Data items
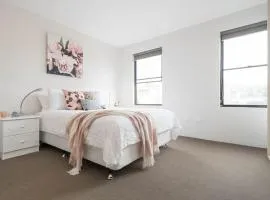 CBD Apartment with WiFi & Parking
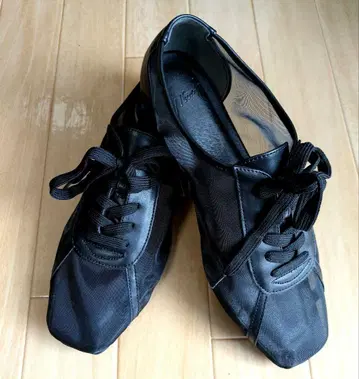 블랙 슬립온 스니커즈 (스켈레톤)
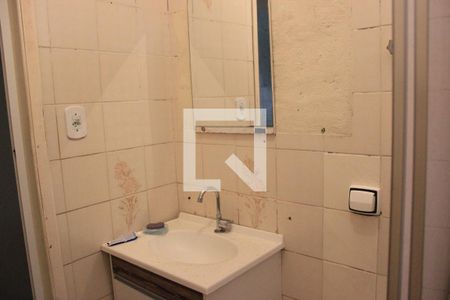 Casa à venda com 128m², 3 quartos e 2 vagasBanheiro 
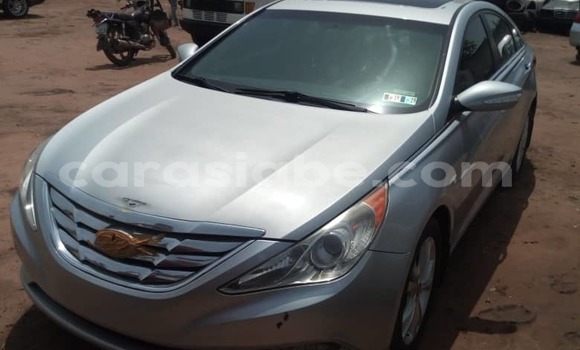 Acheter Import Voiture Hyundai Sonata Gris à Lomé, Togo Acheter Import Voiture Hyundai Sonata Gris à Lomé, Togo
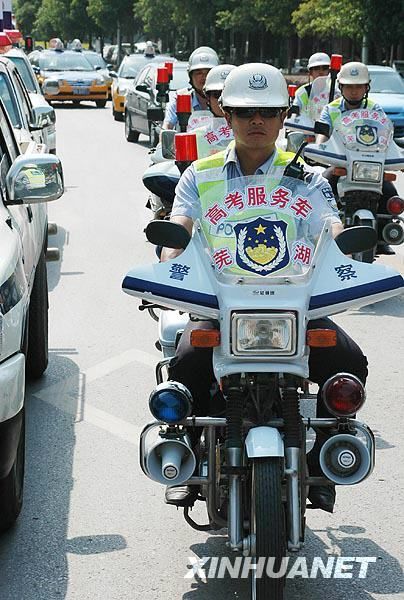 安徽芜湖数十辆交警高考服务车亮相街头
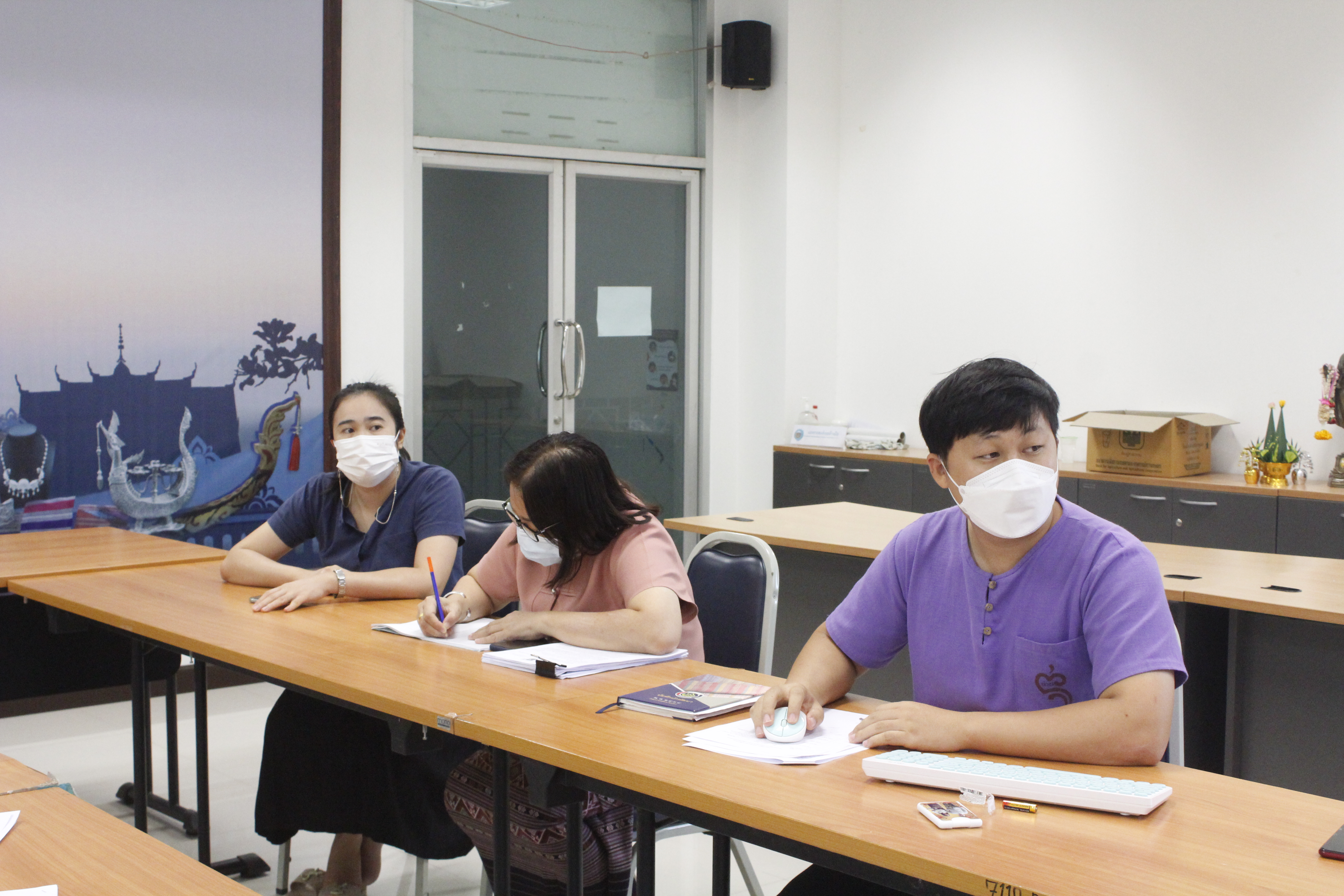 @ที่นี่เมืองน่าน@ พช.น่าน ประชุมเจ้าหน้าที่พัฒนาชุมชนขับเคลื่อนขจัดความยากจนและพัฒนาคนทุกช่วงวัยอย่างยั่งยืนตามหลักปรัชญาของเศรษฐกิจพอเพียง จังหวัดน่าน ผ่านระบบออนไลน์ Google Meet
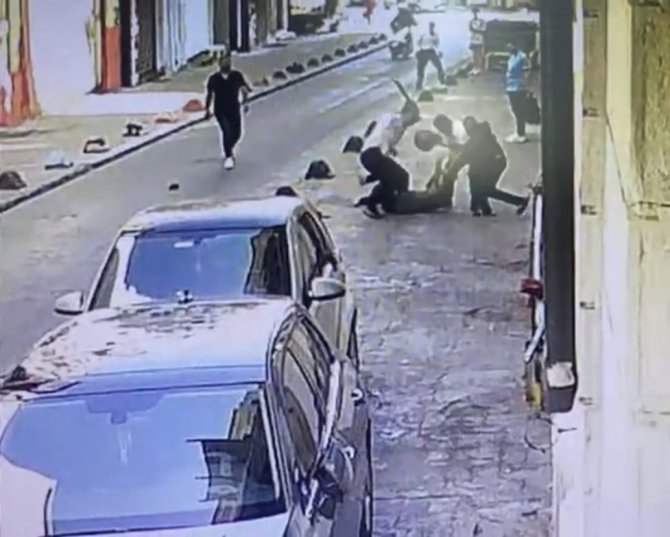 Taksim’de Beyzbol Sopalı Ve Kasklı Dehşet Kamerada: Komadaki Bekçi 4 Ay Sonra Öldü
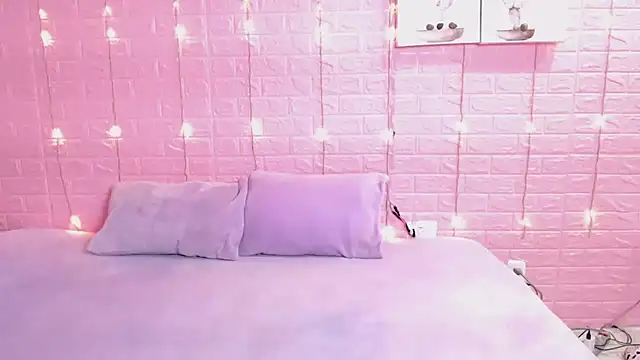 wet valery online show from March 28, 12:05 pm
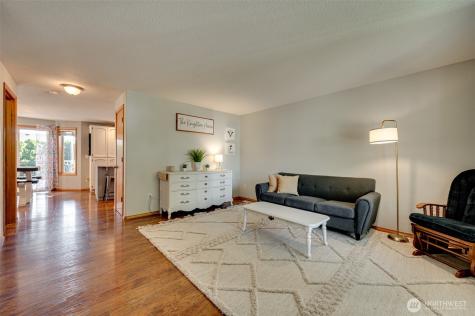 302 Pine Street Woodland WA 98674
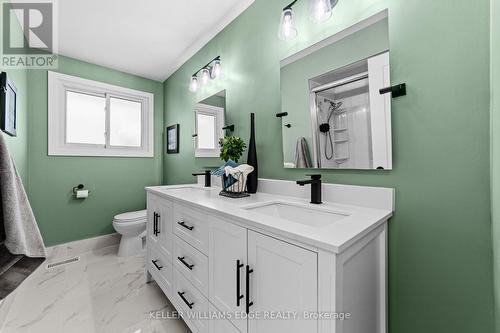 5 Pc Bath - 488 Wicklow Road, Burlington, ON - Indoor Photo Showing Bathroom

==

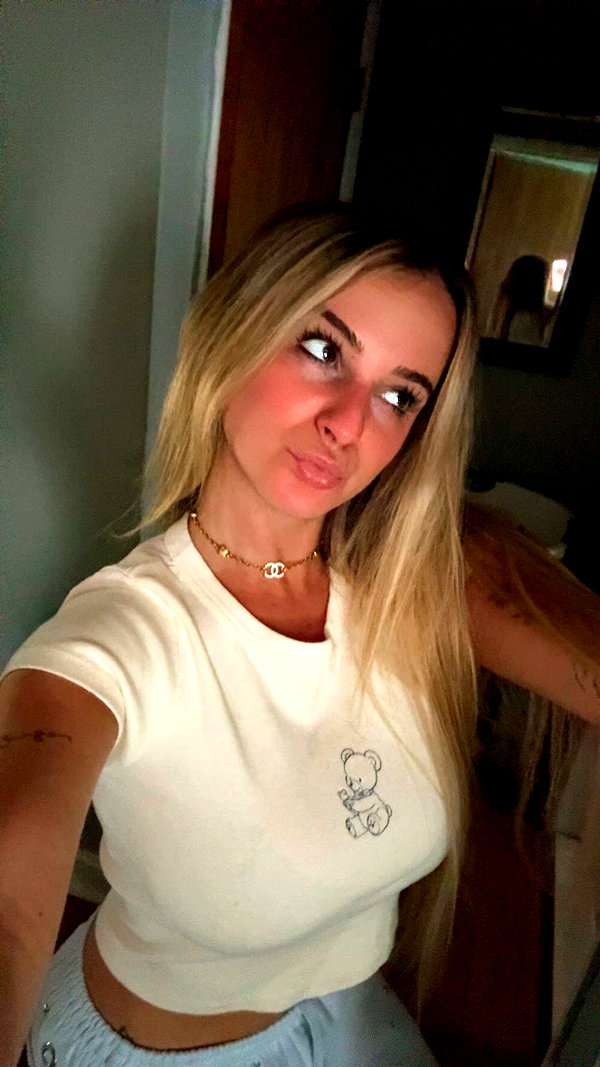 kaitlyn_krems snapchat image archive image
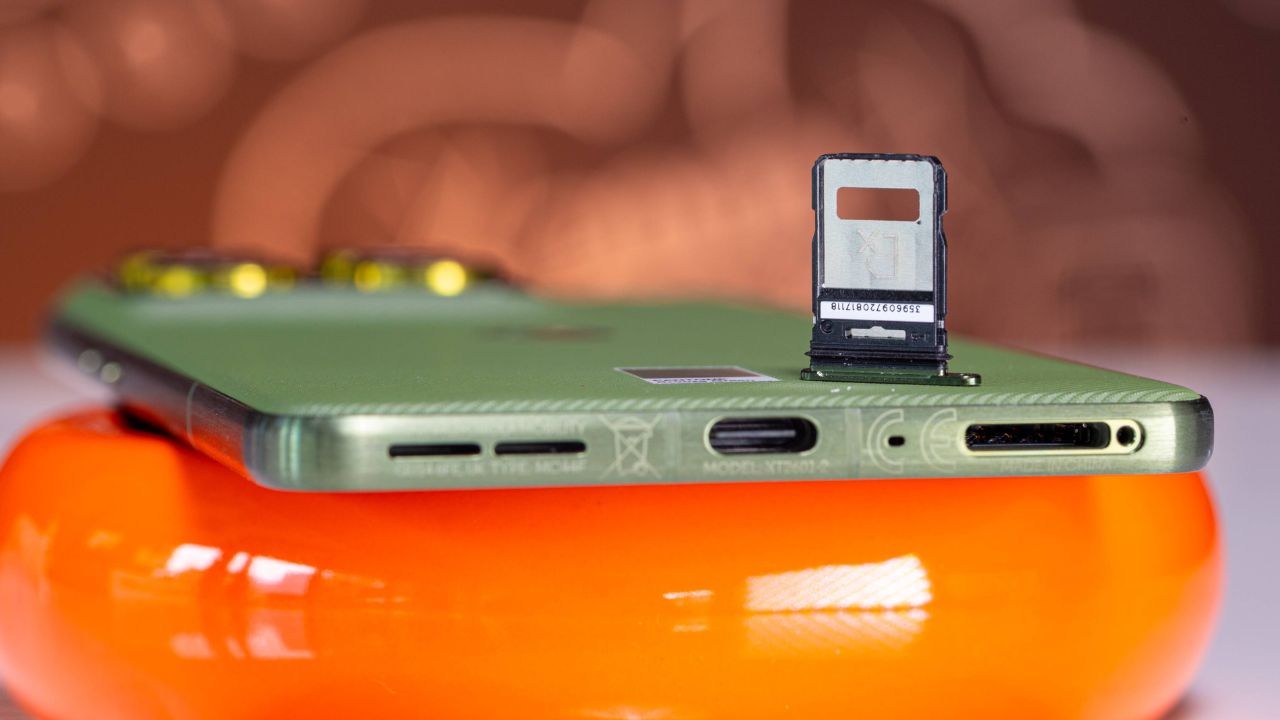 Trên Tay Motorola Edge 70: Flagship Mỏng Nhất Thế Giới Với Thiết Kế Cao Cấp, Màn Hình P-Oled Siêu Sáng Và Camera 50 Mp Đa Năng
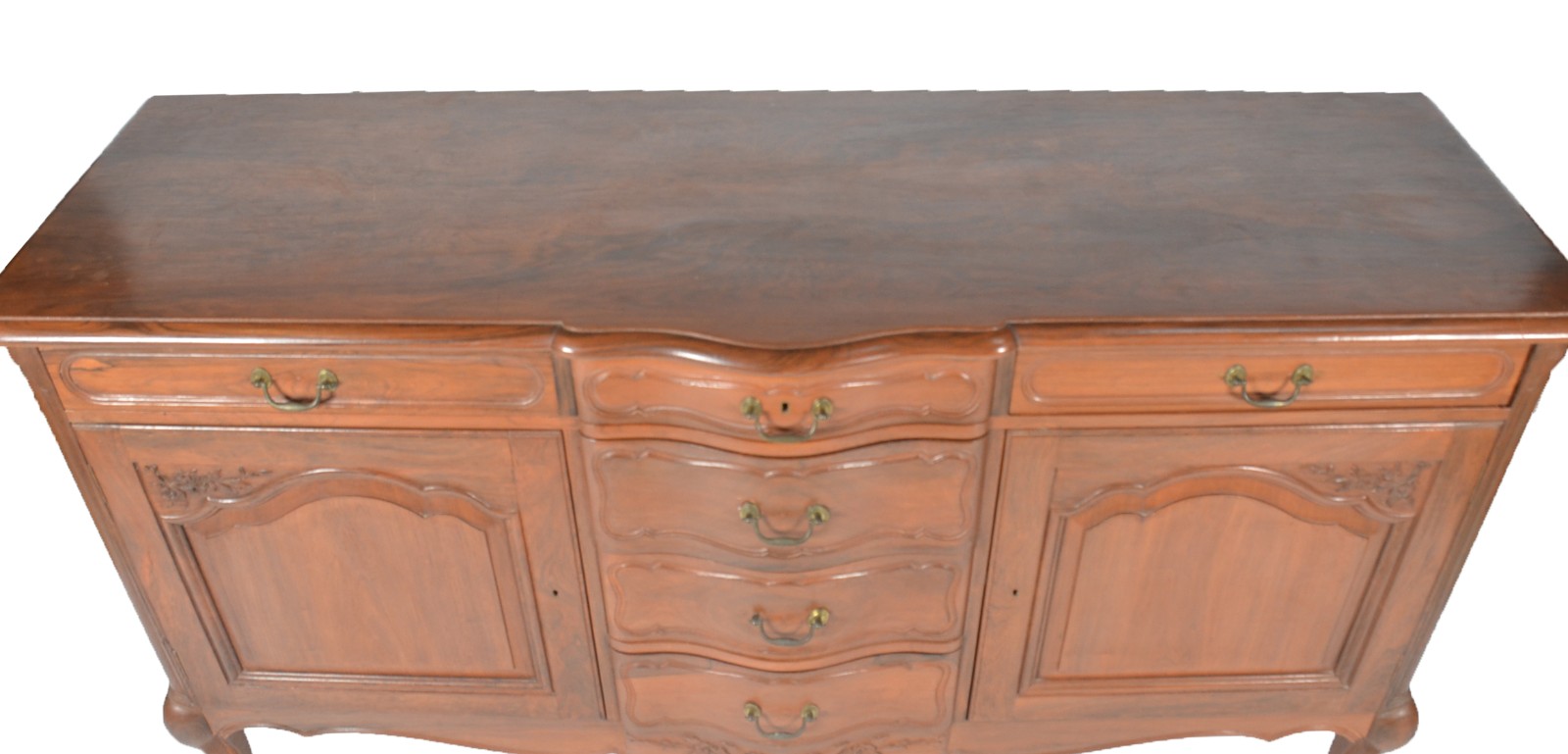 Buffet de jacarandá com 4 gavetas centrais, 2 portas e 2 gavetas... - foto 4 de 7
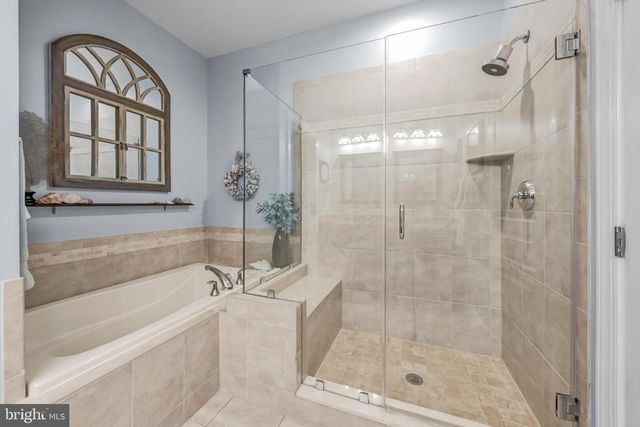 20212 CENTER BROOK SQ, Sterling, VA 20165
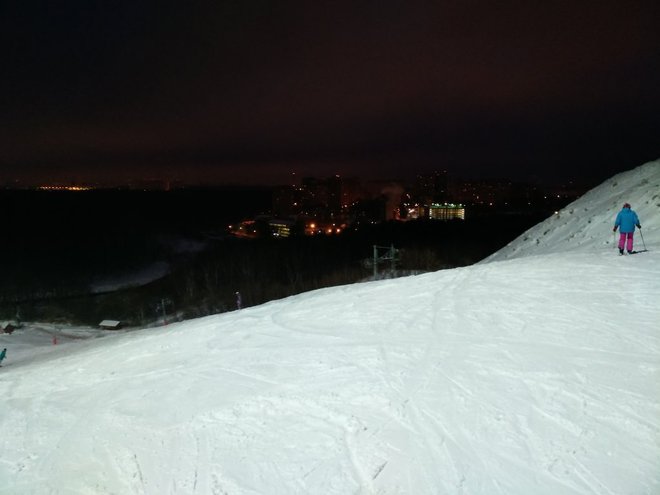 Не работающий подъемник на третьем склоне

→ **Problem statement**
Give again, exactly as written above, every line from the one holding "Trên Tay Motorola" to the one holding "Не работающий подъемник на третьем склоне", with both ends kept and the pictures left out.

→ **Solution to the problem**
 Trên Tay Motorola Edge 70: Flagship Mỏng Nhất Thế Giới Với Thiết Kế Cao Cấp, Màn Hình P-Oled Siêu Sáng Và Camera 50 Mp Đa Năng
 Buffet de jacarandá com 4 gavetas centrais, 2 portas e 2 gavetas... - foto 4 de 7
 20212 CENTER BROOK SQ, Sterling, VA 20165
 Не работающий подъемник на третьем склоне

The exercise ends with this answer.